● **Instructions to follow**: Word for word, quote the lines from the one containing "Dolce & Gabbana White" to the end of the entries below, including both. Leave pictures out.

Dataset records
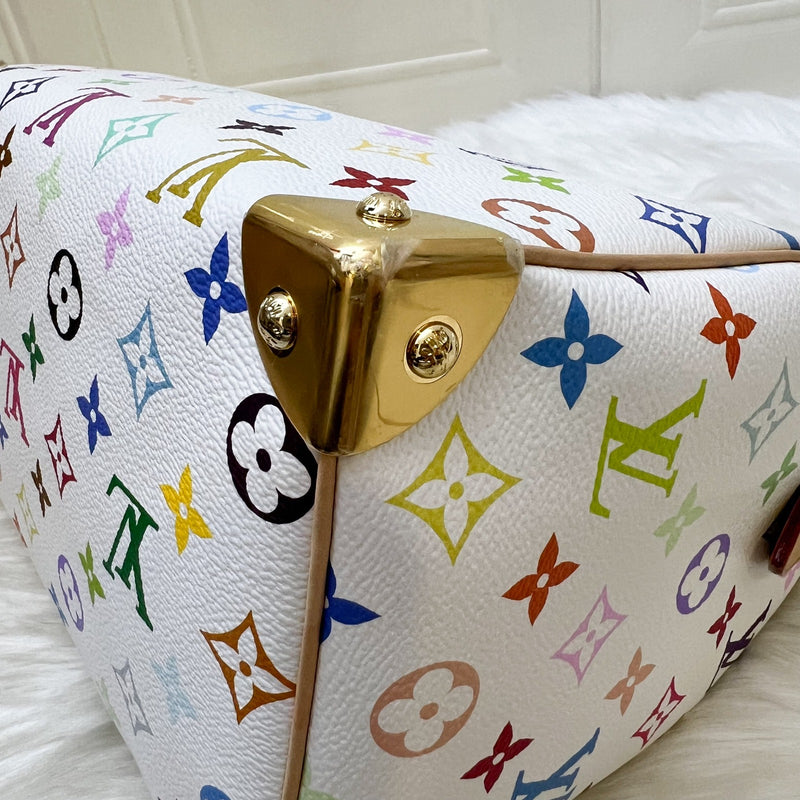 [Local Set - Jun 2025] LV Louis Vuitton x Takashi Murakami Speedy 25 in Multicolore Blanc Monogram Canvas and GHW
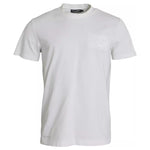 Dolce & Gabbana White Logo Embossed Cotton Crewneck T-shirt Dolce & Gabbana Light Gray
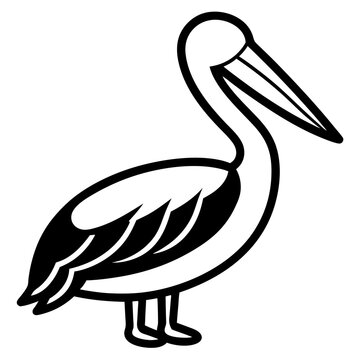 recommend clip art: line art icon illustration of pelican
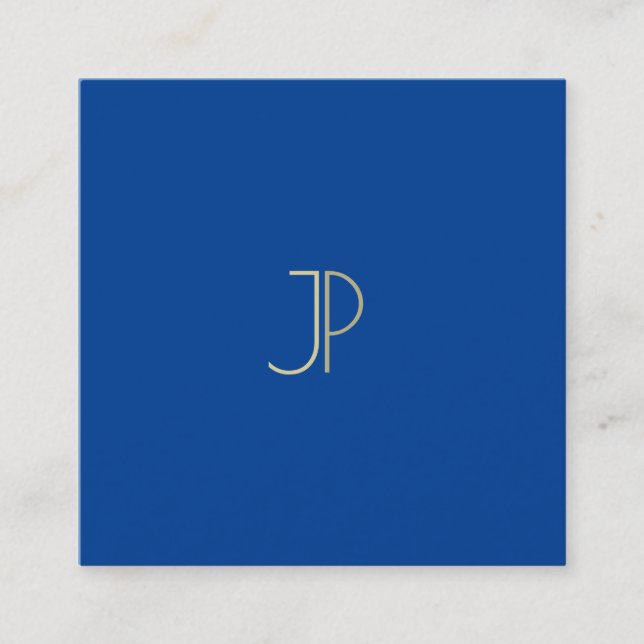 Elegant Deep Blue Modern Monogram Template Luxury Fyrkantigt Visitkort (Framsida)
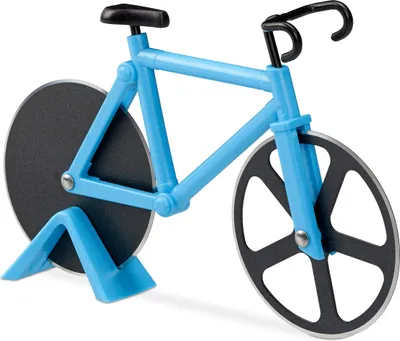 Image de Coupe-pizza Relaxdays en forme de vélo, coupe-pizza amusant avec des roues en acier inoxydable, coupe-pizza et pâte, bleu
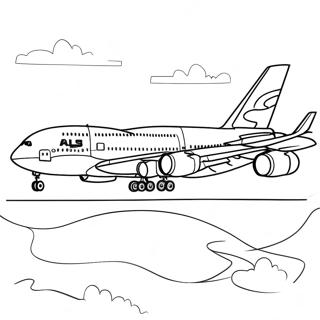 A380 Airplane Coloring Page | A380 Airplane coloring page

● **Answer to this exercise**:
 Dolce & Gabbana White Logo Embossed Cotton Crewneck T-shirt Dolce & Gabbana Light Gray
 recommend clip art: line art icon illustration of pelican
 Elegant Deep Blue Modern Monogram Template Luxury Fyrkantigt Visitkort (Framsida)
 Image de Coupe-pizza Relaxdays en forme de vélo, coupe-pizza amusant avec des roues en acier inoxydable, coupe-pizza et pâte, bleu
 A380 Airplane Coloring Page | A380 Airplane coloring page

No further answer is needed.